> **Work task**: When the line with "Bathroom - Bright" comes up, set it down and every later line to the end of the data, exactly and without pictures.

> **Entries provided**:
************

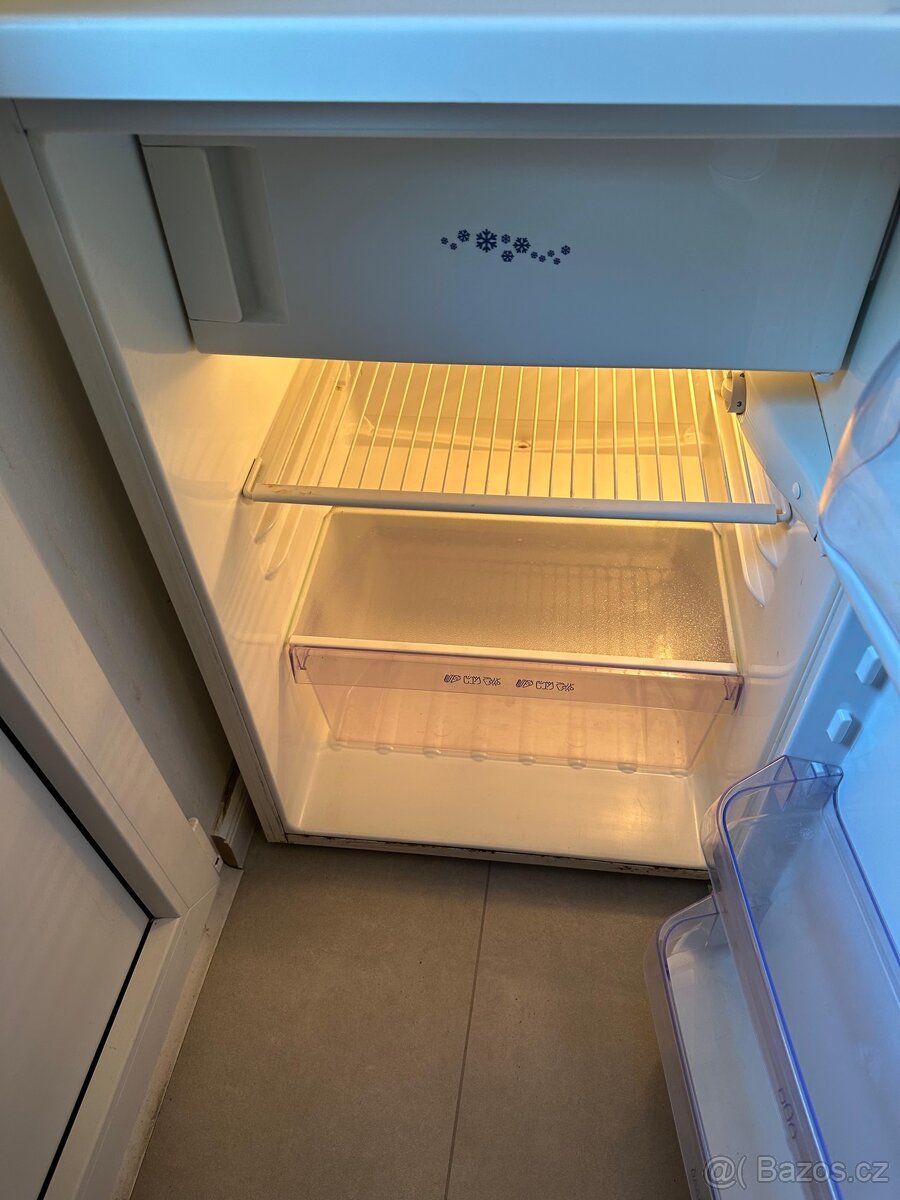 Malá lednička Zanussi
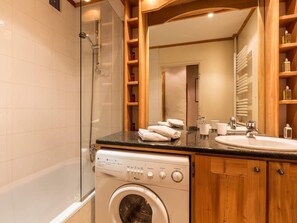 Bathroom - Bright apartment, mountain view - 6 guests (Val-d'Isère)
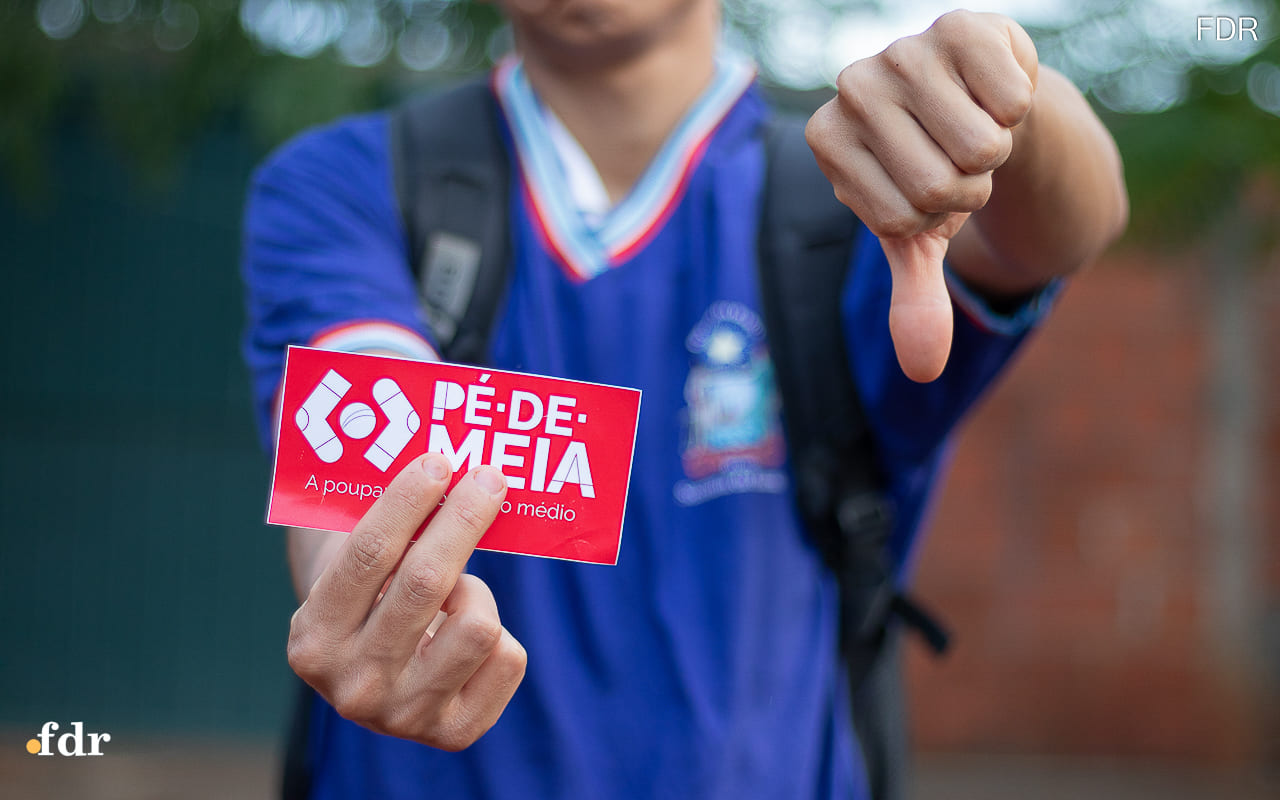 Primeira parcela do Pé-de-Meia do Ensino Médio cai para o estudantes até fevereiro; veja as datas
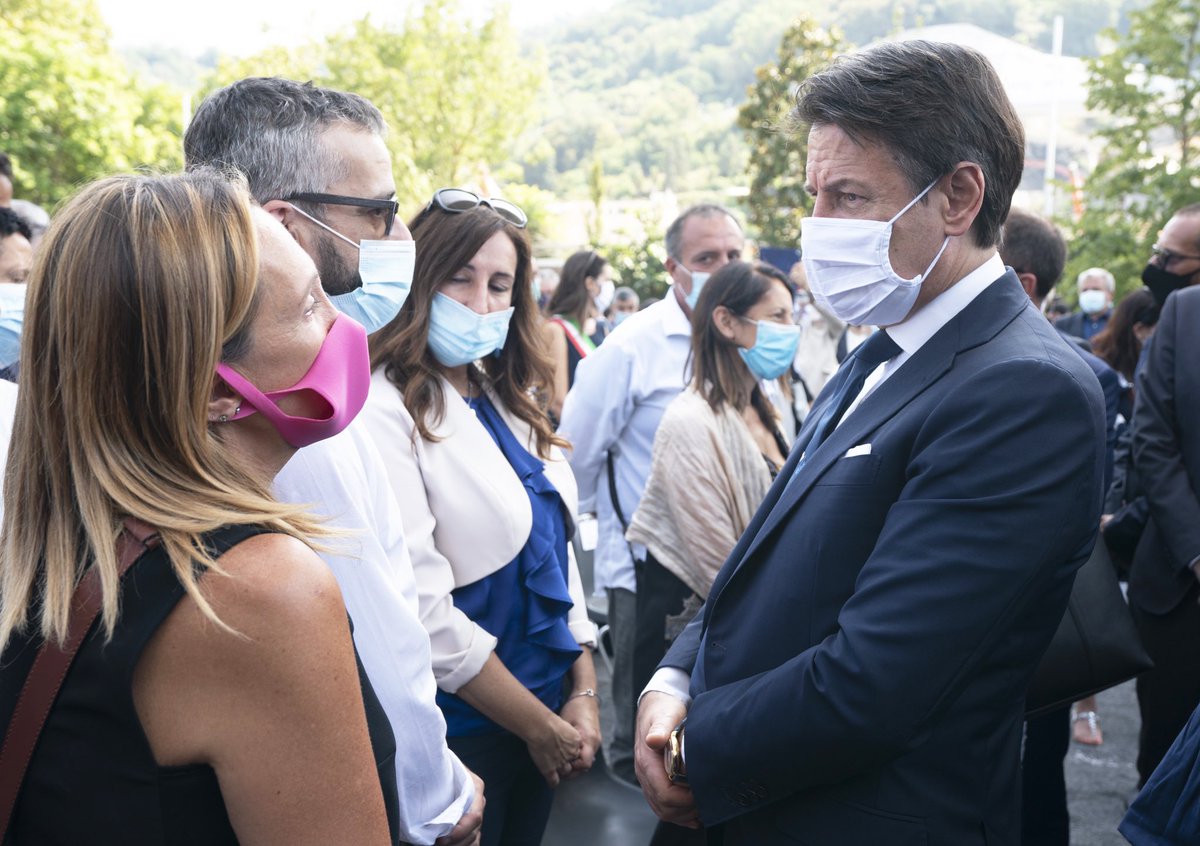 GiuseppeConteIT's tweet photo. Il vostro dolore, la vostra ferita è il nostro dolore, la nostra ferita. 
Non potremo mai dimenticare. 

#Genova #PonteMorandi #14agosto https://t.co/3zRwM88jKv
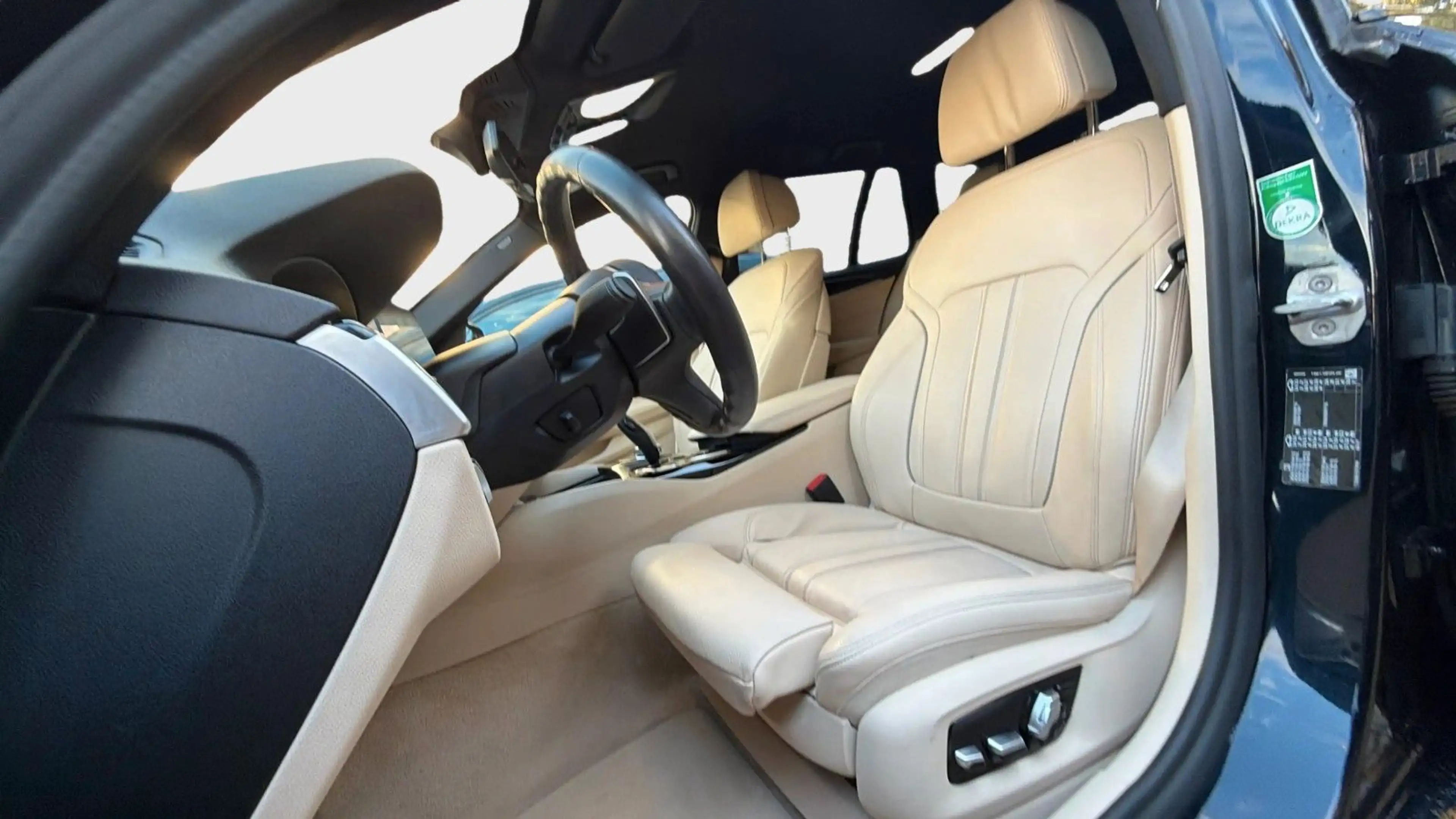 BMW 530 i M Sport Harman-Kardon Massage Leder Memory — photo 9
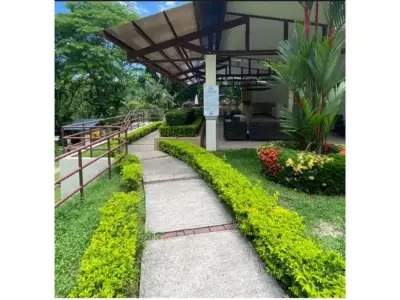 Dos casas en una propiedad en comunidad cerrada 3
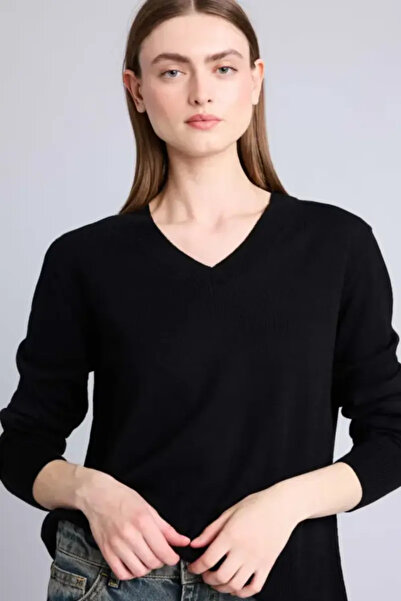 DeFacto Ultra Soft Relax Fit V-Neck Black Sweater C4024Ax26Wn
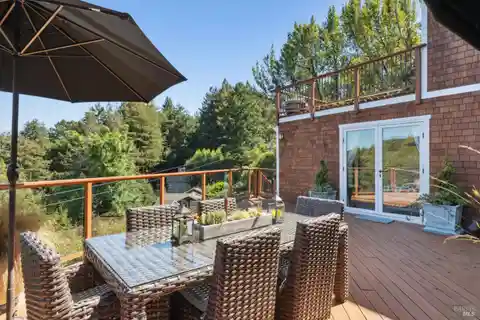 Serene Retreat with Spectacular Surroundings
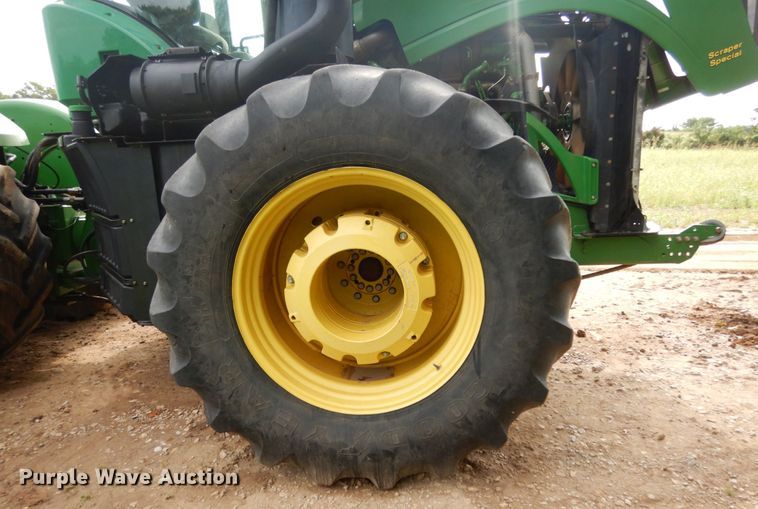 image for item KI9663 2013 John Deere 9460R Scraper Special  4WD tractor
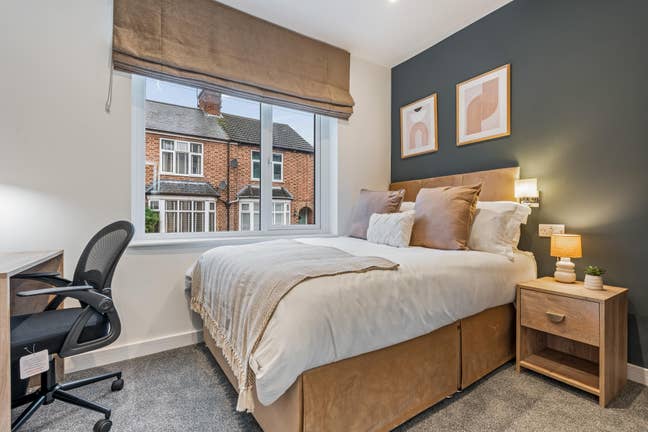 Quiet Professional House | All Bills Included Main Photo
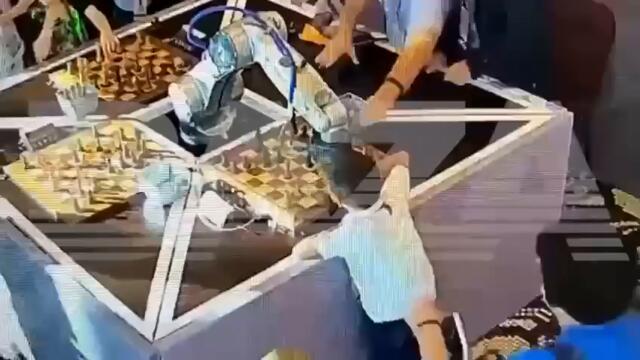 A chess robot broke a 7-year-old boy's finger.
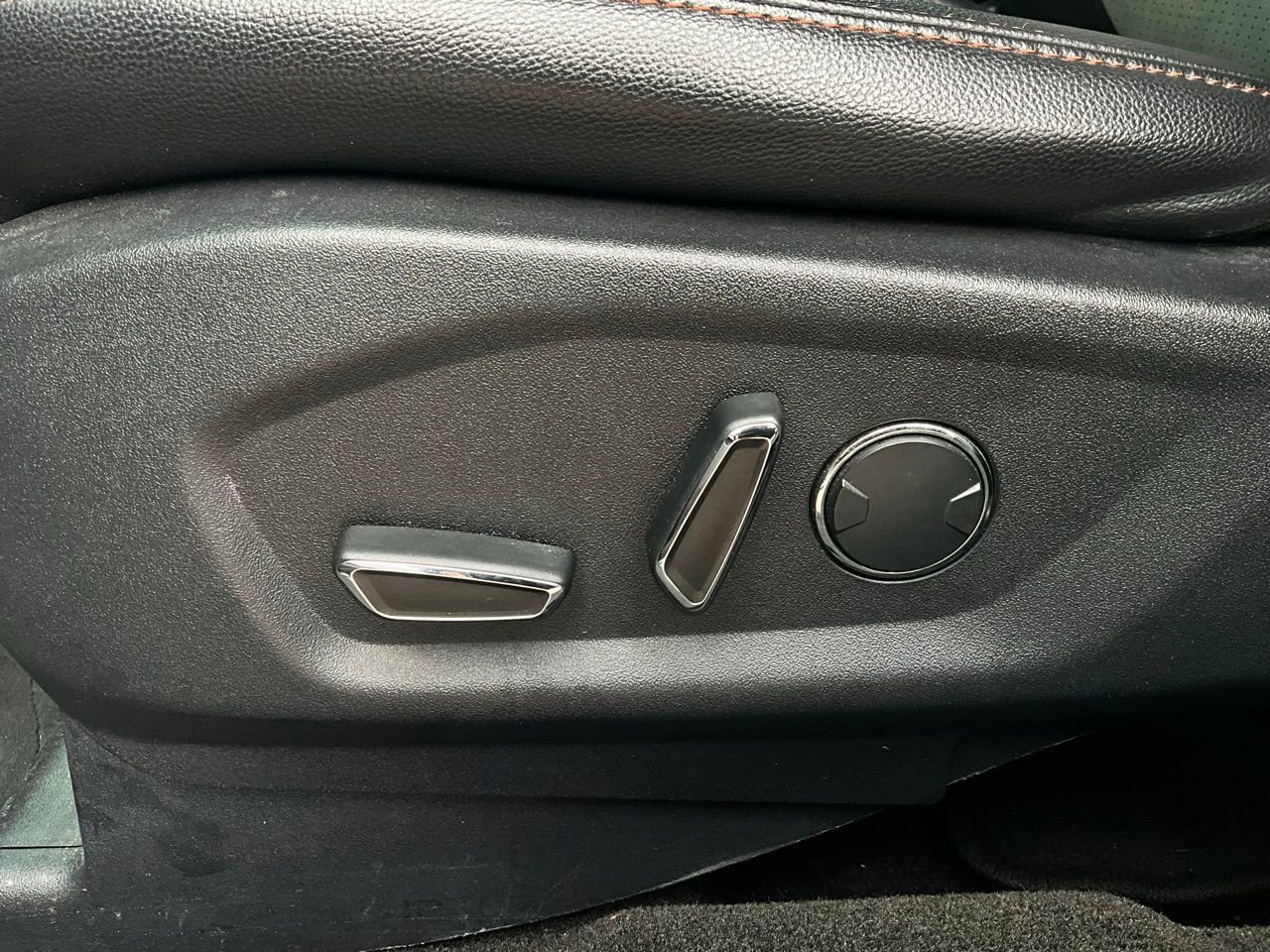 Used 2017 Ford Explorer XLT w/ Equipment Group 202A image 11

************

> **Completed exercise**:
 Bathroom - Bright apartment, mountain view - 6 guests (Val-d'Isère)
 Primeira parcela do Pé-de-Meia do Ensino Médio cai para o estudantes até fevereiro; veja as datas
 GiuseppeConteIT's tweet photo. Il vostro dolore, la vostra ferita è il nostro dolore, la nostra ferita. 
Non potremo mai dimenticare. 

#Genova #PonteMorandi #14agosto https://t.co/3zRwM88jKv
 BMW 530 i M Sport Harman-Kardon Massage Leder Memory — photo 9
 Dos casas en una propiedad en comunidad cerrada 3
 DeFacto Ultra Soft Relax Fit V-Neck Black Sweater C4024Ax26Wn
 Serene Retreat with Spectacular Surroundings
 image for item KI9663 2013 John Deere 9460R Scraper Special  4WD tractor
 Quiet Professional House | All Bills Included Main Photo
 A chess robot broke a 7-year-old boy's finger.
 Used 2017 Ford Explorer XLT w/ Equipment Group 202A image 11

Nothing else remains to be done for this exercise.